Look, you pink-flamingo-displaying, mall-worshiping, blond-and-blue-eyed, holier-than-thou, smug, superior Banana Republican suburbanites: Take your disdain for the city and stick it in one of your 18 cargo-pants pockets.
There's way too much singing and dancing in the 'burbs about the fiscal fiasco in the 'Burgh.
You don't have to be so damn happy about it. Do we come out and laugh at you when you burn the rib-eyes on the grill at your nightly neighborhood barbecue with Mr. and Mrs. Stepford?
State Sen. Jane Orie has Bette Davis eyes and apparently has decided to adopt the snotty persona of one of Ms. Davis' darker characters. Orie (R-Suburbia) worked WITH Mayor Murphy on the PGH 21 Committee last year, which led to Murphy's current bail-out-the-city tax proposal. Now she proposes to take Murphy "out of the equation" with her own bill, publicly dissing hizzoner with the same backstabbing relish of which everyone accuses Murphy.
Along with the relish, there's a little mustard on the side, in the form of Democratic Sen. Jack Wagner, who's joining with Orie in this legislation in his continued quest for revenge because Murphy beat him in a mayoral primary years ago, or some other perceived slight Jack can't get past.
For cryin' out loud, Jack lost to Lt. Governor Catherine Baker Knoll, and she's been dead for several years. But does he get all furious about losing to a dead person a la John Ashcroft? No, he gets over it and runs for Auditor General.
So why the endless grudge against Murphy? And why join up with evil suburban Republicans?
There's something lacking in the suburbs and its lawn-obsessing twits. It's called personality. It's called character. It's called eclectic electricity. It's called quality quirky. When you 'burbanites want to get quirky, you go to the CoGo's and eat some beef jerky. That's about as spicy as life gets.
And oh, look, what's that over there on that city street? I believe they're called black people. Perhaps you've heard of them.
The city is important, you slack-jawed mall zombies. Put down your Grande Frappucino, get your head out of your rapidly expanding posterior, and realize we're all in this together.
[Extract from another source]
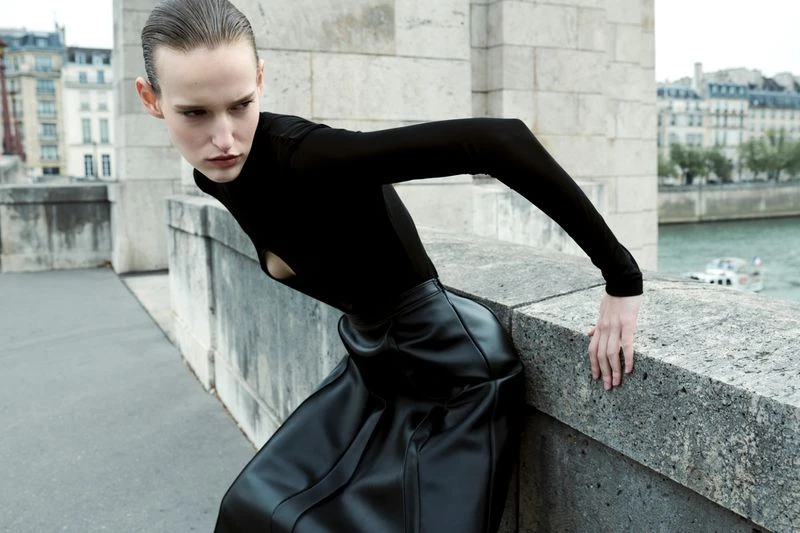 Fashion editorial shot of a woman in a black top and black skirt leaning against a stone wall with a cityscape in the background.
Your beloved Stillers are in the city. If you want any entertainment that remotely smacks of class, you've got to come to the 'Burgh. The best rock 'n' roll is here. As Sophie Masloff might tell you, Bruce Bedspring ain't playin' at the North Park Lounge. And by the way, there are millions of songs written by Springsteen and countless others about the heart and soul of American cities. Who ever writes tunes about suburbs unless it's appropriately derisive, dismissive satire? What could possibly inspire someone to write a song about Wexford?
"I saw Christina in the Starbucks today. / She looked a little skanky, but was ready to play. / I asked, do you put your cash with Mr. E.F. Hutton?/ She just stared at the bling-bling in her skanky belly button."
The only thing suburbs inspire people to do is shoot themselves to avoid becoming even more boring. Or you end up like Kevin Spacey in American Beauty, smoking dope and seducing teen-agers.
And how about food? You'll just be yankin' the chain restaurants in the 'burbs. Or are you one of those morons who think the Olive Garden is the best Italian restaurant?
You lawn-jockey losers need to realize you'd be nothing without the Steel City.
It'd be like rural Ohio, for Chrisakes. Is that what you want?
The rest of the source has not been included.